When Tammy Revia's daughter, Celie, was 9 months old, she had yet to get a cold or a fever, but Revia made a point of keeping her off public playgrounds anyway. She also avoided exposing her baby to children with even the slightest sign of illness and used antibacterial wipes or hand sanitizers before and after touching everything from her cell phone to a supermarket cart to door handles. "Whenever I heard Celie sniffle or sneeze, it took my breath away," says Revia, a nurse from League City, Texas.
Celie isn't immunocompromised or sick. But Revia's first child, Devin, had been born prematurely, and after struggling in the NICU for more than nine months and then finally coming home, he died just before his first birthday. Now she sees danger everywhere: A disinfectant commercial discussing hidden germs makes her heart race, mosquitoes seem like germ-carrying mini missiles, and a bump on Celie's head makes her think subdural hematoma. "When you've been through so much, you're just waiting for the next bad thing to happen," she says.
Many mothers like Revia are struggling with severe anxiety, often triggered by a real health scare that is long gone but has left an imprint on their psyche. For some, it can lead to symptoms of post-traumatic stress disorder (PTSD), traditionally associated with surviving war.

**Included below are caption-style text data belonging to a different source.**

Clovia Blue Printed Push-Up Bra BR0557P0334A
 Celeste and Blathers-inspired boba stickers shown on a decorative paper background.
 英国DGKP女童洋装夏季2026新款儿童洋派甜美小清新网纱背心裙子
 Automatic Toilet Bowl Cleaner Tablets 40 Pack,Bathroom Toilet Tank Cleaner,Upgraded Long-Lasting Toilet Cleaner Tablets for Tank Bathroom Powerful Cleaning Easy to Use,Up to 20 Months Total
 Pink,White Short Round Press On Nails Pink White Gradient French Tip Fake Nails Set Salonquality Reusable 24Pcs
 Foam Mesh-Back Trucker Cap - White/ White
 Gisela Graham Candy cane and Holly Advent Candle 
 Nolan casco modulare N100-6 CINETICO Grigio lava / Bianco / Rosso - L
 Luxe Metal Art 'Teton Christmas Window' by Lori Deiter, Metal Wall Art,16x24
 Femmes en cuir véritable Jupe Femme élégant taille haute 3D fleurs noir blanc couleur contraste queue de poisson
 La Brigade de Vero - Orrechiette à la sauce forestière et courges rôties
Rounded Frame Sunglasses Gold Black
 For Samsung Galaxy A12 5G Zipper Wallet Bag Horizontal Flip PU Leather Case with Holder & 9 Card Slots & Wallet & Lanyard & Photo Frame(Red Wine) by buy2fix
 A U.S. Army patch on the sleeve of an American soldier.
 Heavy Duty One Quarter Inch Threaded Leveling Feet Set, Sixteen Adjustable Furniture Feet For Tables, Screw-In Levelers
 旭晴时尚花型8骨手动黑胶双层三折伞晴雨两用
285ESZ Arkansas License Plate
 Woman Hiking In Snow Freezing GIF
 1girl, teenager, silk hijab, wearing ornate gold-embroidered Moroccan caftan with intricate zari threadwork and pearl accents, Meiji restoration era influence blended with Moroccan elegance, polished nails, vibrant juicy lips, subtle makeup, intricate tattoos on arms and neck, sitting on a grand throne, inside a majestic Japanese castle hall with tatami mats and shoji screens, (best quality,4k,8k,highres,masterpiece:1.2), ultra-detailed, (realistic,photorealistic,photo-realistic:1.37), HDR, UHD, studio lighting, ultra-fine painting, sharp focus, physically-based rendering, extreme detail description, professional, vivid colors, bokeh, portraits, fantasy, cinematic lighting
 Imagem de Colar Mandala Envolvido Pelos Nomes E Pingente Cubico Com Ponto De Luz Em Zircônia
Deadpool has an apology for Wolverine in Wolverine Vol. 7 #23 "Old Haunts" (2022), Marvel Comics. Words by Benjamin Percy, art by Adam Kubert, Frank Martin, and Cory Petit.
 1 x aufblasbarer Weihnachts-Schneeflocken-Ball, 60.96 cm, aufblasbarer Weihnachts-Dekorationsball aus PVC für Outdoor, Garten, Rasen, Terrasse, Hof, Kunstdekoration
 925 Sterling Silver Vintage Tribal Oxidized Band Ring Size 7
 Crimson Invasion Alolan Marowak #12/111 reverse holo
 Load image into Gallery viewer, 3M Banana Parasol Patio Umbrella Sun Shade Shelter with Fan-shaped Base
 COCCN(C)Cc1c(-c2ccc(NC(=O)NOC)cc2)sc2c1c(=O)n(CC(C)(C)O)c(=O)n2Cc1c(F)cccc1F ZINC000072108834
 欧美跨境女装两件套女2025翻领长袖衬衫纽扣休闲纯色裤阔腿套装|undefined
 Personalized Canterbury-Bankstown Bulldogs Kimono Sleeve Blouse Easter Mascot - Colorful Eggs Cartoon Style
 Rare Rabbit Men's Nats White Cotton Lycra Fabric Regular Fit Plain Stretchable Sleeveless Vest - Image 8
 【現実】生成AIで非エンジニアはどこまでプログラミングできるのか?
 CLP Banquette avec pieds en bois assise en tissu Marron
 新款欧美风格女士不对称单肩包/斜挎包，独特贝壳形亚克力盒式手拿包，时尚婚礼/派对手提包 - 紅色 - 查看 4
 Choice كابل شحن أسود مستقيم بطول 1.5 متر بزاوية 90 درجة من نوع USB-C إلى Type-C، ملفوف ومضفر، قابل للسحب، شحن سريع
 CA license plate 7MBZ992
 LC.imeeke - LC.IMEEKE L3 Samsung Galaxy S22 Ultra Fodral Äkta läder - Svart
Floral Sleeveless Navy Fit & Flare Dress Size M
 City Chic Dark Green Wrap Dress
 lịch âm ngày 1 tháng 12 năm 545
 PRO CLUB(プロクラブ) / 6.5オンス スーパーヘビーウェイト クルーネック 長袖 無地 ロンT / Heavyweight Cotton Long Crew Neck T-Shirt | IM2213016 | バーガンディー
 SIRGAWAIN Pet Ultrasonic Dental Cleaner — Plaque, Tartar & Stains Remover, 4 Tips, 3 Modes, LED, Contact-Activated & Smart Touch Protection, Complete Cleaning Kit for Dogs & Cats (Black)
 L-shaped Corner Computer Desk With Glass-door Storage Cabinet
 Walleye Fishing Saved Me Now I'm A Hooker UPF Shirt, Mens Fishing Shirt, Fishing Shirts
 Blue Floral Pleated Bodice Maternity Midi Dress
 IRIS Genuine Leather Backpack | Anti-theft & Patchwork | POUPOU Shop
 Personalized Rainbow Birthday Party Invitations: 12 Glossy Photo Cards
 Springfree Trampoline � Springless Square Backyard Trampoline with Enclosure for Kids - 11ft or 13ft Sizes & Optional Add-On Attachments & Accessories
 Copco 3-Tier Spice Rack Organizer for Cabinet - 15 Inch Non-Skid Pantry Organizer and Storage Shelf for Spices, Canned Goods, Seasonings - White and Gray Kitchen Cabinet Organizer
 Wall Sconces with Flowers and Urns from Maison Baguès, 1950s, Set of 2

But even when it's not that severe, this anxiety can add layers of stress to daily family life and put your child at risk for behavioral problems later.
Maternal anxiety isn't necessarily on the rise, but it is getting more attention. "There's a growing recognition that anxiety levels and depression are both high among mothers of young children," says Diane Langkamp, M.D., a developmental and behavioral pediatrician at Akron Children's Hospital, in Ohio. Experts point to rising rates of premature babies who survive the NICU and medical advances that allow children to fully recover from a variety of traumatic illnesses. Parents of preemies, who have lived through the trauma of seeing their tiny infant hooked up to machines and surrounded by extremely sick babies, may have a particularly difficult time shaking their experience. This can lead to nightmares, depression, feeling agitated, and being hypervigilant about their child's health long after he leaves the NICU.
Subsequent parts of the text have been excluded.